(Nairobi, le 21 mai 2013) – Au cours des deux années qui se sont écoulées depuis l’investiture du président Alassane Ouattara le 21 mai 2011, le gouvernement de Côte d’Ivoire a fait peu de progrès dans le traitement des causes profondes des violences politico-militaires qui ont ébranlé le pays pendant une décennie, a déclaré Human Rights Watch aujourd’hui. Ces problèmes menacent la stabilité à long terme du pays, en dépit de sa forte reprise économique, a ajouté l’organisation.
Dans l’année à venir, le gouvernement ivoirien devrait s’occuper en priorité de ces questions, notamment du fait que les forces de sécurité n’ont toujours pas été amenées à rendre des comptes, de la nécessité de mener à bien un désarmement et une réforme du secteur de la sécurité, ainsi que du problème des conflits fonciers, a affirmé Human Rights Watch.

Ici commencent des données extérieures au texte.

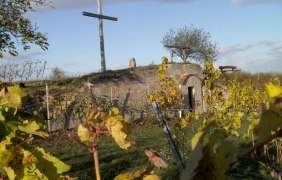 Westhofener Kreuz aus der Entfernung © Michael Jung Westhofener Kreuz aus der Entfernung © Michael Jung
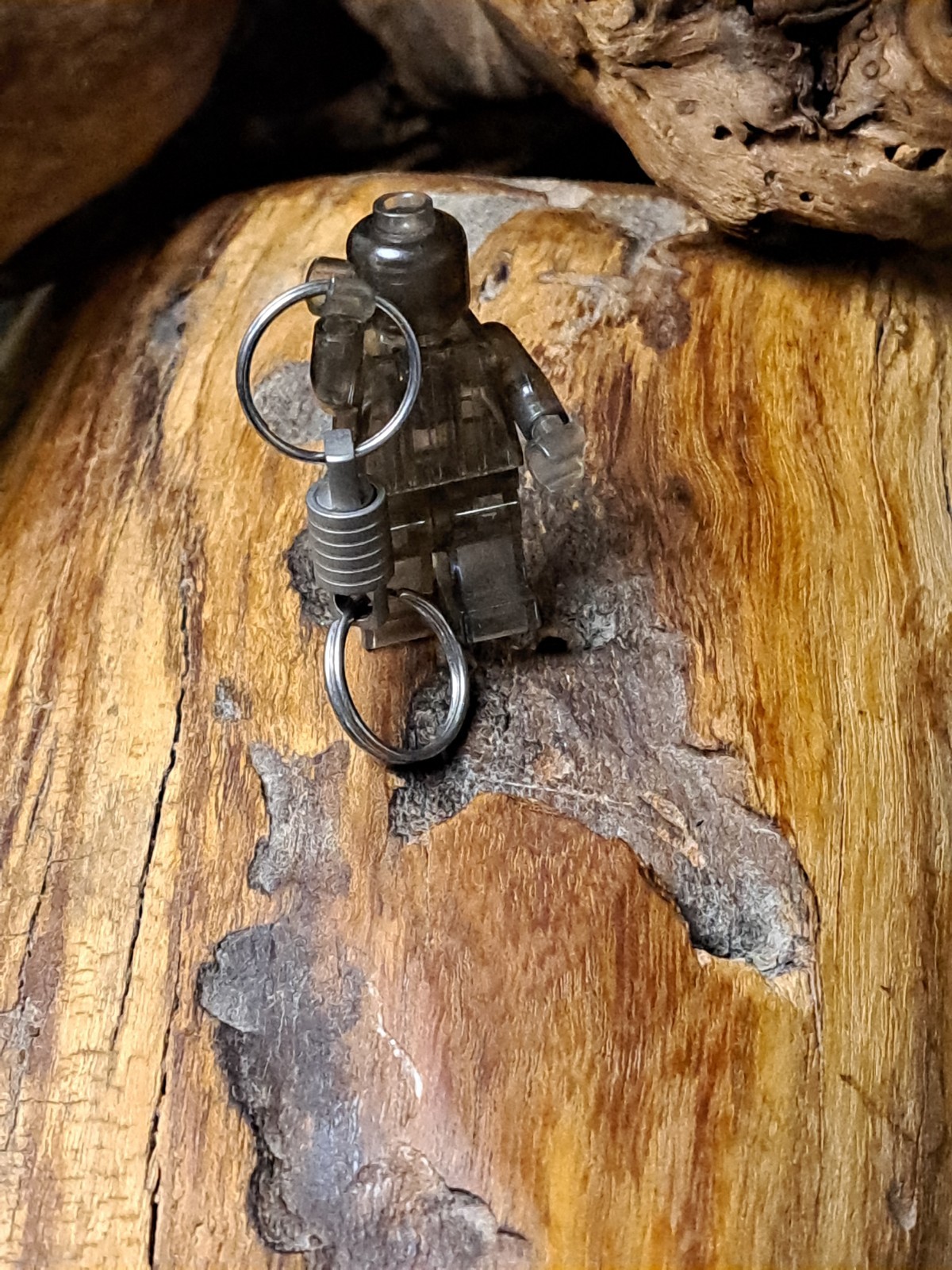 Pro Mini Series Titanium Swivel With 15mm Titanium Keyrings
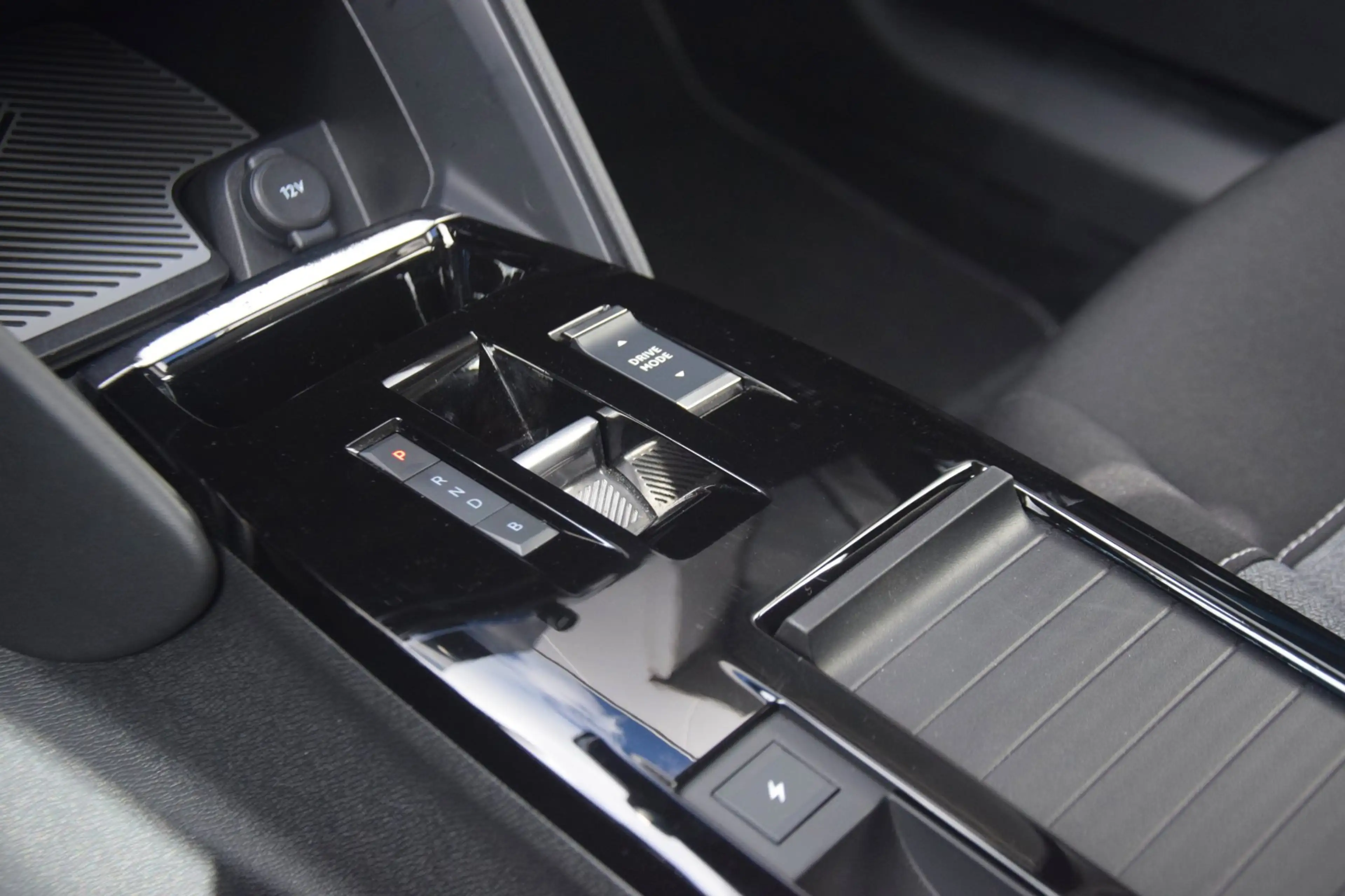 Citroen E-C4 Electric Live 50 kWh — photo 17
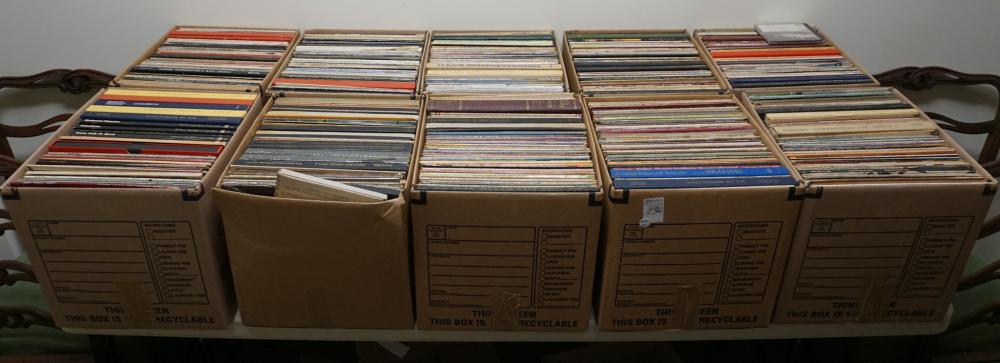 COLLECTION OF LP RECORDS INCLUDING 330ce8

Le gouvernement devrait aussi poursuivre ses efforts pour s’assurer que la croissance économique conduise à une meilleure protection des droits économiques, sociaux et culturels, ainsi que des droits civils et politiques.
« Le gouvernement Ouattara a fait des progrès significatifs en restaurant l’économie et l’infrastructure après des années de dévastation dues au conflit et à la mauvaise gestion», a déclaré Matt Wells, chercheur sur l’Afrique de l’Ouest à Human Rights Watch. « Mais l’absence d’une justice impartiale et le non-traitement d’autres problèmes qui sous-tendent une décennie d’exactions, pourraient compromettre les perspectives à long terme de stabilité et de développement.»
Les résultats du scrutin présidentiel de novembre 2010, reconnus internationalement, avaient donné Ouattara vainqueur, mais Laurent Gbagbo, son rival, avait refusé de quitter la présidence. Une crise de cinq mois s’en était ensuivie, au cours de laquelle au moins 3 000 personnes avaient été tuées et 150 femmes violées, souvent dans le cadre d’attaques perpétrées par les forces des deux camps en fonction de critères politiques, ethniques et religieux. Gbagbo a été arrêté le 11 avril 2011 et transféré par la suite à La Haye, en vertu d’un mandat d’arrêt délivré par la Cour pénale internationale (CPI). Il y demeure en détention, dans l’attente d’une décision judiciaire établissant s’il existe suffisamment d’éléments de preuve pour intenter un procès contre lui pour quatre chefs de crimes contre l’humanité.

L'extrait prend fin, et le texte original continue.